# Work task
Say how many lines in the following data hold the word "Toyota". Write nothing but that number.

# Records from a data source
▼▼▼
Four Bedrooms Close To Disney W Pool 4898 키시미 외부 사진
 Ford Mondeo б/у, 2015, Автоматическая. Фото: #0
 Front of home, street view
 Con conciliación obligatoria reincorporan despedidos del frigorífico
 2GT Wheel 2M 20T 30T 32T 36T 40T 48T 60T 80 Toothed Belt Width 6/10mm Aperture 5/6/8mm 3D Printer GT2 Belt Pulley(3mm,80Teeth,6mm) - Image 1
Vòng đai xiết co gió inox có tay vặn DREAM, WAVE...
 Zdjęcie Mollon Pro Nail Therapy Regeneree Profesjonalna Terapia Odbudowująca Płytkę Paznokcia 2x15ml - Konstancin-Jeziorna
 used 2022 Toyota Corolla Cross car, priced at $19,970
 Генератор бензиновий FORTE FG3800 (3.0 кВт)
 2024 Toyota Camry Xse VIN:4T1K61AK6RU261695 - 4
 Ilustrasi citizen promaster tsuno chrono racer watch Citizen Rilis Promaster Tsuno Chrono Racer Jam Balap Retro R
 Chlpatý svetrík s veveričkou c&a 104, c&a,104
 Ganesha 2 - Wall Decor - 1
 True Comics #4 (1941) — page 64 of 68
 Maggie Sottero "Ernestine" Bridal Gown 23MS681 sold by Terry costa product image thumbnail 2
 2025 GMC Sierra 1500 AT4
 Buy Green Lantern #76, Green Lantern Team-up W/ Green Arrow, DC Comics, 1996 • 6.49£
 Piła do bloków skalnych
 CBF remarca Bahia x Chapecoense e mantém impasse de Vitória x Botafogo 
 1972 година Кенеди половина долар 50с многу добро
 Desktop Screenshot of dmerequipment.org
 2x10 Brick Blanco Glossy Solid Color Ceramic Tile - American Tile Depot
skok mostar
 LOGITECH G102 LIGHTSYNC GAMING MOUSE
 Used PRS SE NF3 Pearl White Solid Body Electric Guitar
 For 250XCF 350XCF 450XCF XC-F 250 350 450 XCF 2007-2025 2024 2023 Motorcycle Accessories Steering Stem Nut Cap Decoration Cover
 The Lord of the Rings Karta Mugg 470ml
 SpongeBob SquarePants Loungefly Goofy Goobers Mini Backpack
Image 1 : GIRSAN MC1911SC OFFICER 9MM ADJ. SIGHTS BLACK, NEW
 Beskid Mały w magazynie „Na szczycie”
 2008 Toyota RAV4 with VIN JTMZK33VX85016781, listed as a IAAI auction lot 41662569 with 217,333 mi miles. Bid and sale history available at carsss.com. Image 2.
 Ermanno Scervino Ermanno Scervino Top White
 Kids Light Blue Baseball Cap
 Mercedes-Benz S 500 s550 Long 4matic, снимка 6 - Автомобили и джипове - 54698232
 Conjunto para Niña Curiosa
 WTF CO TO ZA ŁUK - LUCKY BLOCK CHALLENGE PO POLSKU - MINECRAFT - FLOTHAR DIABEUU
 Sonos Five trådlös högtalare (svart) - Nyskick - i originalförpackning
▲▲▲
# Solved exercise
3